**Work instructions**
Among the entries below, the lines from the one with "Efectúan Foro Empresarial" up to and including the one with "Thử tài đệ tử lựa cây xem sao" are to be restated exactly, without pictures.

**Data extracts**
========================================================================
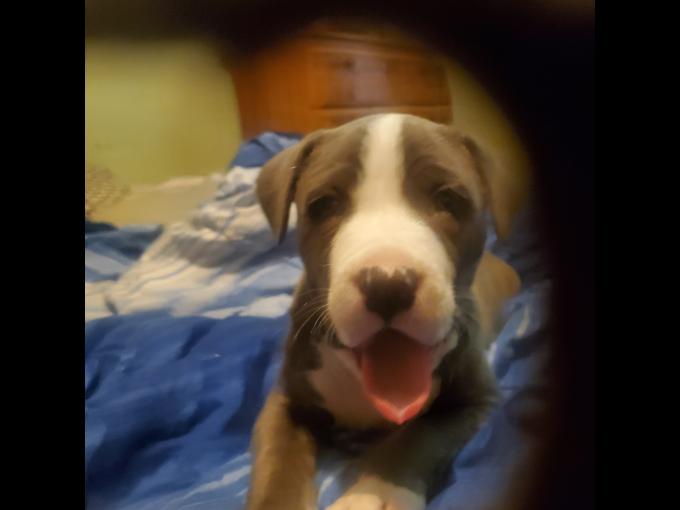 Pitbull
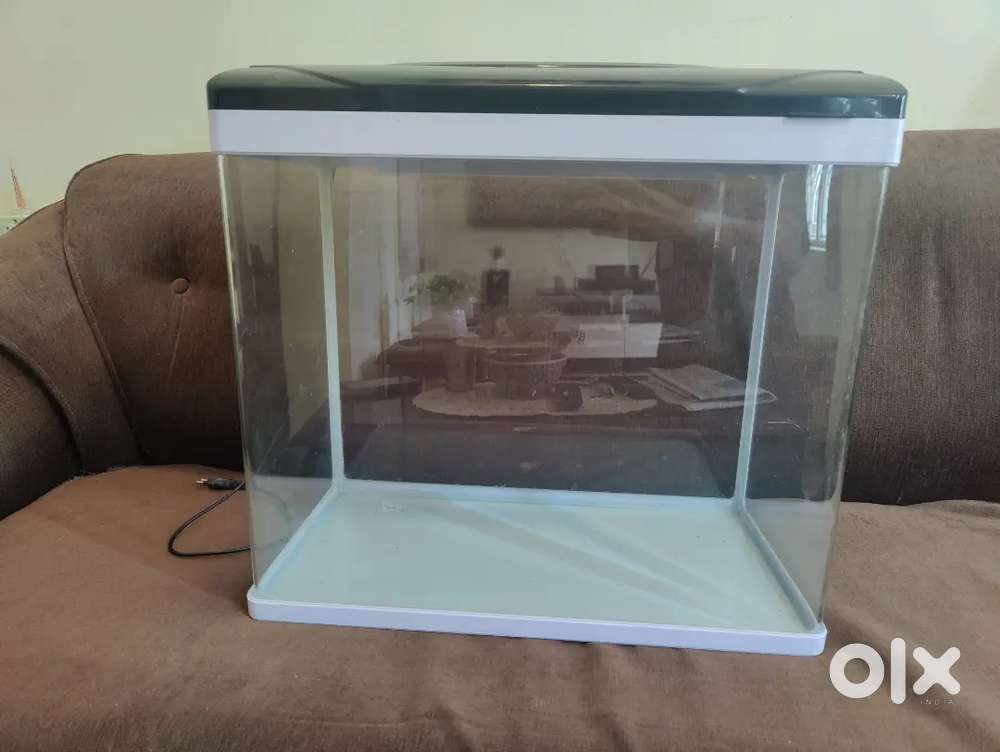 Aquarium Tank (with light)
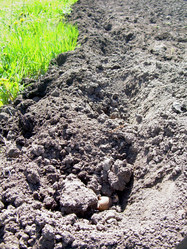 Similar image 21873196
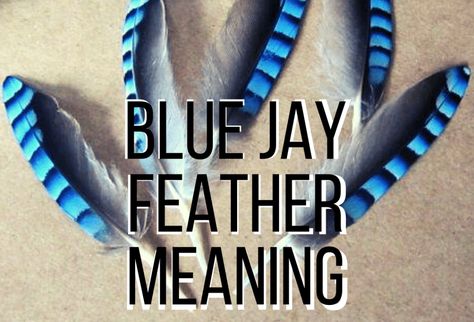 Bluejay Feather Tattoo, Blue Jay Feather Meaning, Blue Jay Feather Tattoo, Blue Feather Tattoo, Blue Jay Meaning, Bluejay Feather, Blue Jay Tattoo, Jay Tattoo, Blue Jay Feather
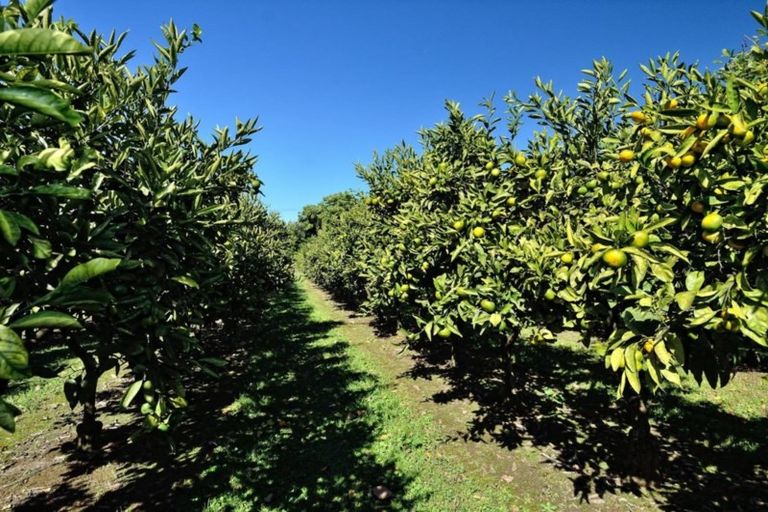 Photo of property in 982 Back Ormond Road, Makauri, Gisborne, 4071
========================================================================
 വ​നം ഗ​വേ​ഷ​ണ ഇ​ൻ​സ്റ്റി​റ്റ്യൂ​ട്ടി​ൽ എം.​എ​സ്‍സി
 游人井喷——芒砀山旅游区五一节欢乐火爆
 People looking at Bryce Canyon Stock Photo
========================================================================
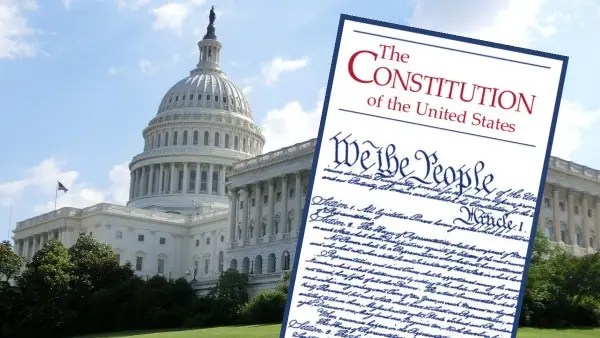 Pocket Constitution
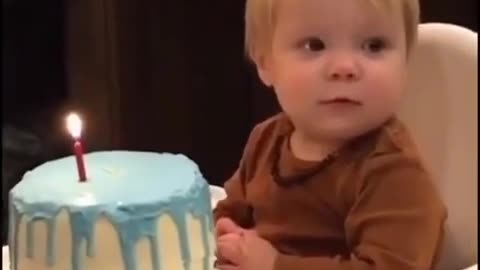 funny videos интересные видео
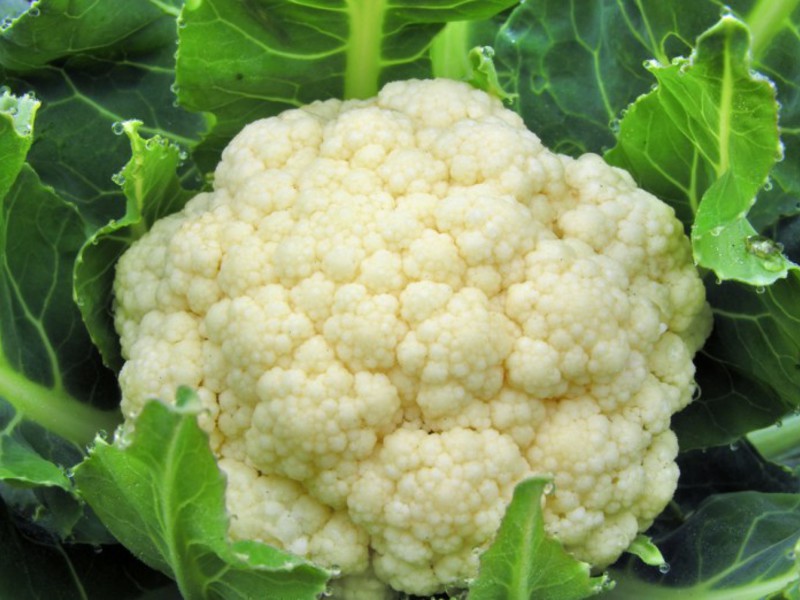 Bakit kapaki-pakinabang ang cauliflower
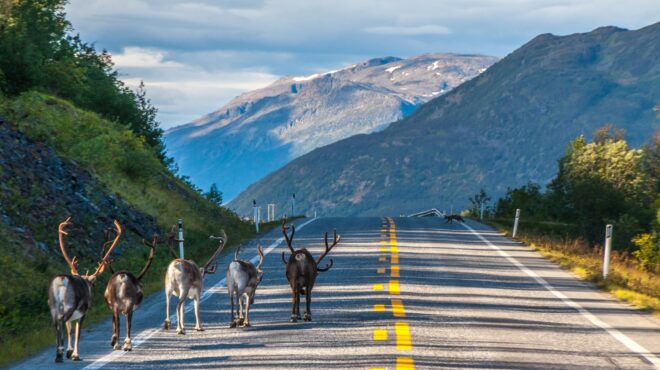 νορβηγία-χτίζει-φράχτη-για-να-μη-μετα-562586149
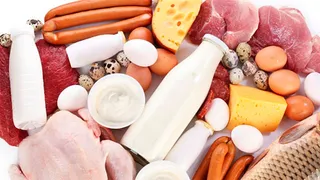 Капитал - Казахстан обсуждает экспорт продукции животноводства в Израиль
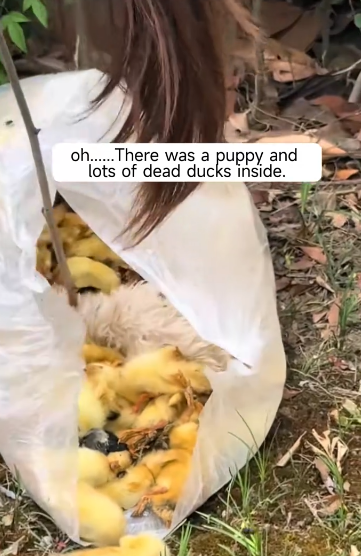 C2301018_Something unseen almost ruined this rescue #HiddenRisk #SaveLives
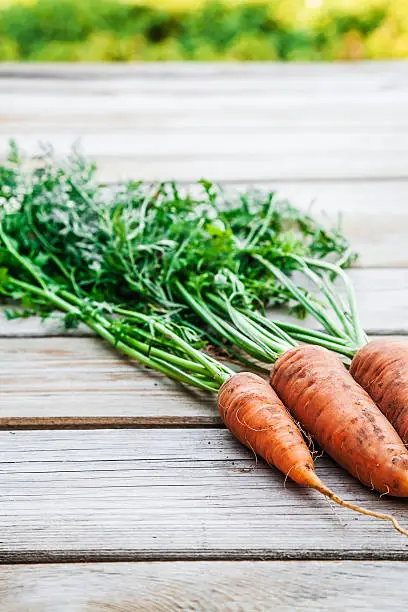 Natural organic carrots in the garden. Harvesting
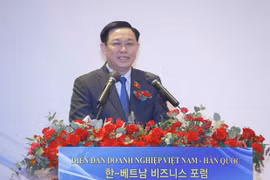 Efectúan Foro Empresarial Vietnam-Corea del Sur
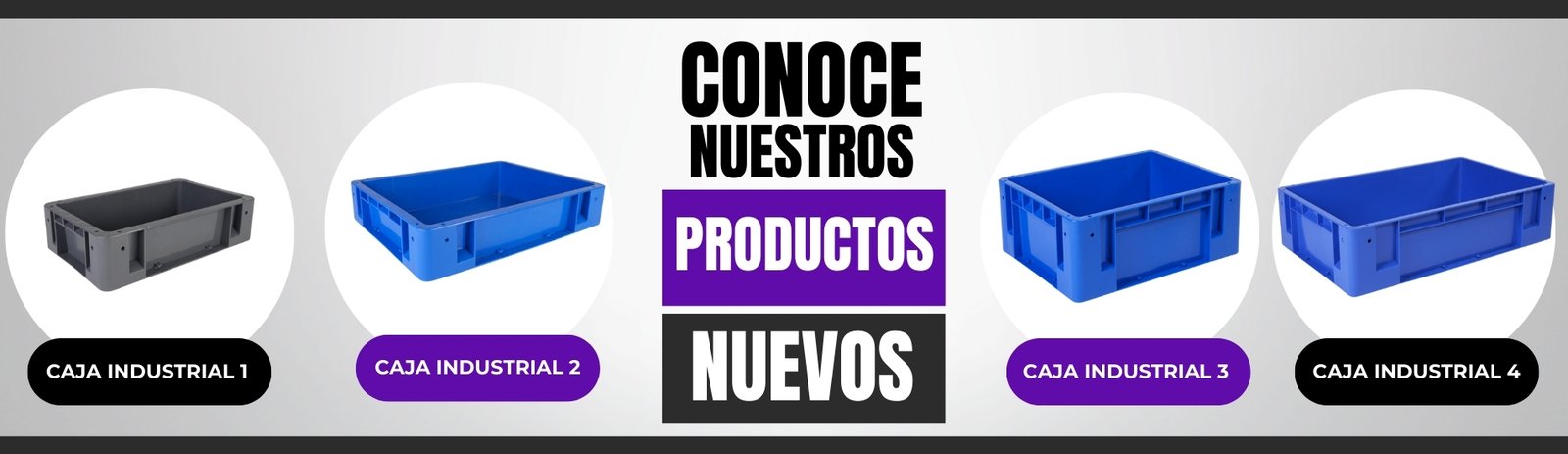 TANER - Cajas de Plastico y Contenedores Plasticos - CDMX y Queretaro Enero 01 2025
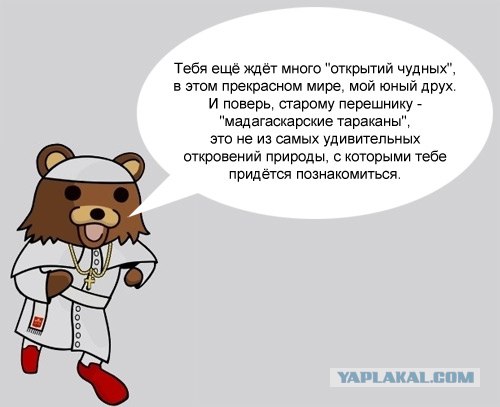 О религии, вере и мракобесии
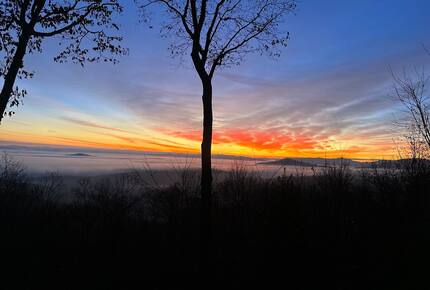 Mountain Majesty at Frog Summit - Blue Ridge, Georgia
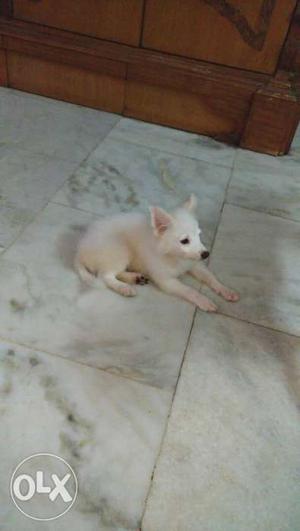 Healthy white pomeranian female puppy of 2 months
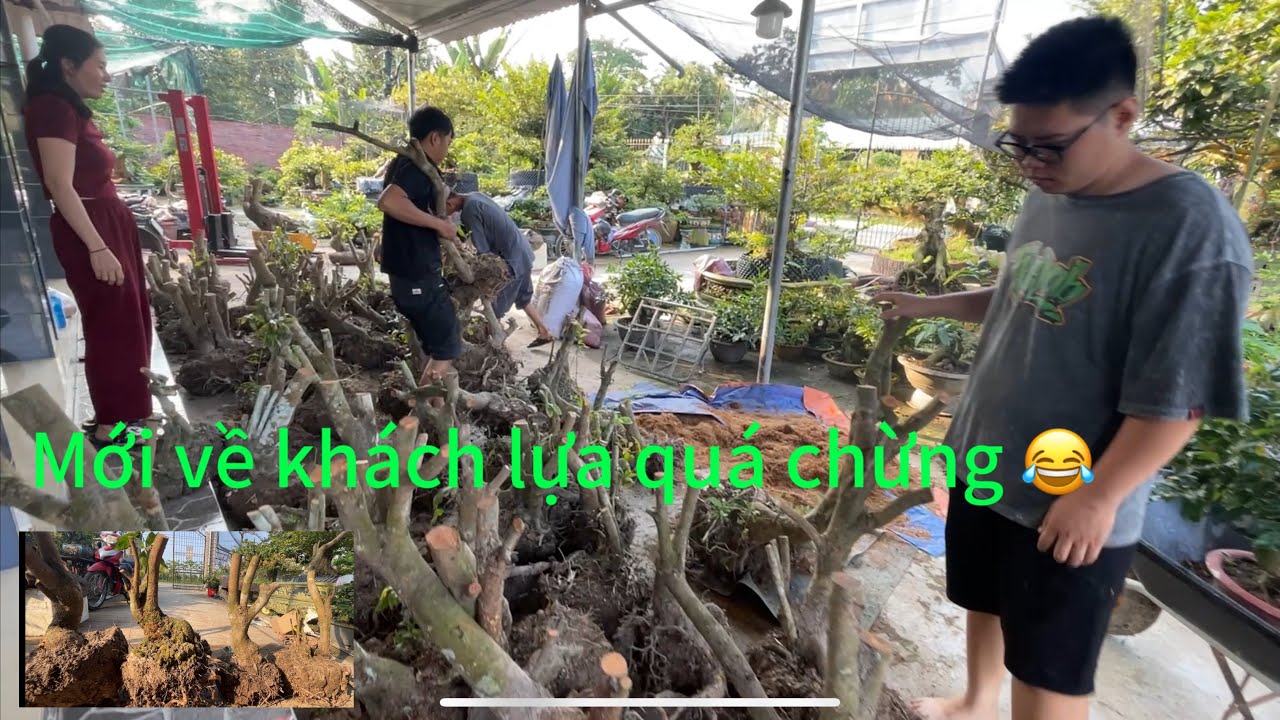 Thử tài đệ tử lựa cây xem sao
========================================================================
**Reply**
 Efectúan Foro Empresarial Vietnam-Corea del Sur
 TANER - Cajas de Plastico y Contenedores Plasticos - CDMX y Queretaro Enero 01 2025
 О религии, вере и мракобесии
 Mountain Majesty at Frog Summit - Blue Ridge, Georgia
 Healthy white pomeranian female puppy of 2 months
 Thử tài đệ tử lựa cây xem sao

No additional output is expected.